Perbedaan keyakinan satu kelompok dengan kelompok lainnya menjadi justifikasi untuk menolak sebagai warga negara dengan melakukan diskriminasi dan kekerasan.  Kekerasan yang menimpa Ahmadiyah terjadi secara massal disejumlah tempat, seperti di Tasikmalaya (19/12/2007), Sukabumi (25/4/2008), Bogor (30/4/2008), Makassar (20/6/2008), dan lain sebagainya.
Civic Pluralism [1]
Mengigat adanya “kekacauan arena” ini, sudah saatnya mengembangkan gagasan pluralisme dari theological pluralism menuju civic pluralism. Ini penting dilakukan karena teologi/agama hanyalah satu dari beragam identitas warga negara.

Juga, sejauh ini pluralitas agama/keyakinan senantiasa direspon secara teologis—dimana vonis sesat atau tidak menjadi taruhannya—dan pendekatan struktural
Civic pluralism (Zainal Abidin Bagir, 2009) tidak melihat keragaman dalam perspektif teologis dimana suatu keyakinan tertentu bisa divonis iman-kafir, melainkan ditempatkan dalam ruang politik yang terkait dengan hubungan pemerintah dan rakyatnya, dan relasi-relasi sosial dalam masyarakat.
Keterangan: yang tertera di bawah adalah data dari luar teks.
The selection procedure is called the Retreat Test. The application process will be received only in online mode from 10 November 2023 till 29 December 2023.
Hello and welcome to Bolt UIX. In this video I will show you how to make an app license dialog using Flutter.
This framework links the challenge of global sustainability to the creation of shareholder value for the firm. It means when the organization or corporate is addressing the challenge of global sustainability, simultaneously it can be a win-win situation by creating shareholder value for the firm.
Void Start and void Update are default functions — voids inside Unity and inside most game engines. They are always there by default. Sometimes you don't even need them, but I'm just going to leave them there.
 Karena itulah, civic pluralism tidak memberikan privilege terhadap suatu komunitas tertentu. Sebaliknya, pemerintah dan masyarakat harus sama-sama berperan aktif dalam menciptakan ruang-ruang dialog yang sehat dan dapat diakses seluas-luasnya oleh seluruh warga negara, sehingga tercipta kehidupan berbangsa dan bernegara secara rukun, damai dan partisipatif.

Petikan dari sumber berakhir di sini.